According to the report, Angul currently accounts for 12% of India’s and 56% of Odisha’s coal production. Coal production in Angul is expected to increase nearly 3 times in the next 10 years, reaching over 300 million metric tonnes (MMT) by 2033. The district is also a major power producer, and a steel and aluminium manufacturing hub. Coal mining and industries collectively account for about 61% of the district’s GDP.
While coal will continue to play a major role in the district’s economy in the next two decades, post 2040 mines will start closing. Coal-based thermal power units will start closing after 2025 due to age and their inability to meet environmental norms. Currently, an estimated 168,000 people are engaged in coal and coal-based industries, the report said, with nearly 69% of them being informal. Therefore, there’s a growing need to diversify the economy through proper planning to support the communities in case of a coal phase-out. The report pointed out that Angul-Talcher has been a critically polluted area. That’s why environmental remediation and pollution mitigation must be a key focus while building the new economy.
What’s in the plan?
Talking about the just transition plan laid out in the report, Chandra Bhushan, President and CEO of iFOREST said, “We have outlined a long-term just transition plan spanning over the next three decades, which can aid a strategic phase-down of coal mining and coal-based power production, green the economy, create high-quality jobs, and improve the district’s environmental conditions. This will be also essential for enhancing Odisha’s climate change action.”
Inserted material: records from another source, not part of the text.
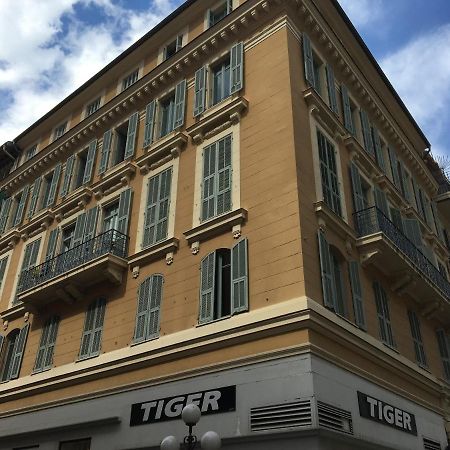 Palais Gioffredo Place Massena Apartment Nice Exterior photo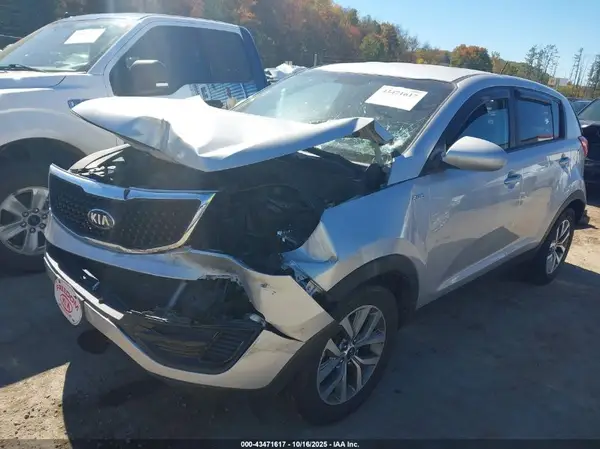 KNDPBCAC6G7864538 2016 KIA SPORTAGE - Image 2
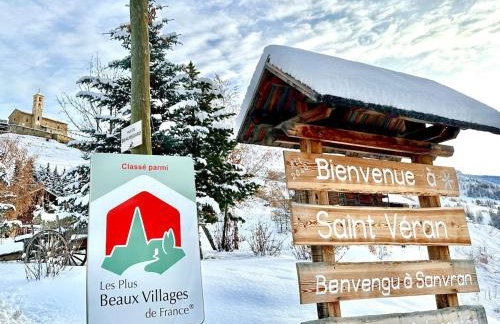 Casa-La Carotto Appartement pour 6 dans chalet - Foto 14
The report recommended that Odisha should use cheap coal to build the backbone of the green economy and invest in grey hydrogen, coal gasification, electric vehicles and battery storage. The green industrial transition can be planned in two phases—a ‘Brown Phase’ and a ‘Green Phase’. During the brown phase (the next 10-15 years), the focus should be to build the backbone of the green industry using coal in the most environmentally responsible manner. Post 2035, industries in Angul must move to a green phase, with the focus to shift to renewables, green industrial processes, and maximising material circularity.
Angul will not experience major job loss till 2040. In fact, there will be a significant increase in coal-dependent jobs over the next 10 years. To meet the skill requirements of both the brown and green economy, the study recommended significant investments in skilling programmes and technical education are necessary.
Following the closure of coal mines and thermal power plants over the next three to four decades in Angul, about 33,000 hectares of land can be available for repurposing. Repurposing of mining and industrial land will be crucial for environmental sustainability, industrial development, and economic diversification, the report stated.
Among other recommendations the study pointed out that pollution mitigation, environmental remediation, and circular economy practices will be essential to support sustainable growth.
Climate finance, obviously, is a crucial part of any such process. Massive financial resources will be necessary for implementing just transition measures in Angul. This must be leveraged by optimising coal mining related funds, fiscal support of the government, private financing, and international support. According to the report’s calculations, even with an accelerated coal phase-down by 2050, nearly ₹3 trillion (US$ 38 billion) will be potentially available to support just transition. Responsible social and environmental investments will be important for building community resilience and ensuring environmental justice, concluded the report.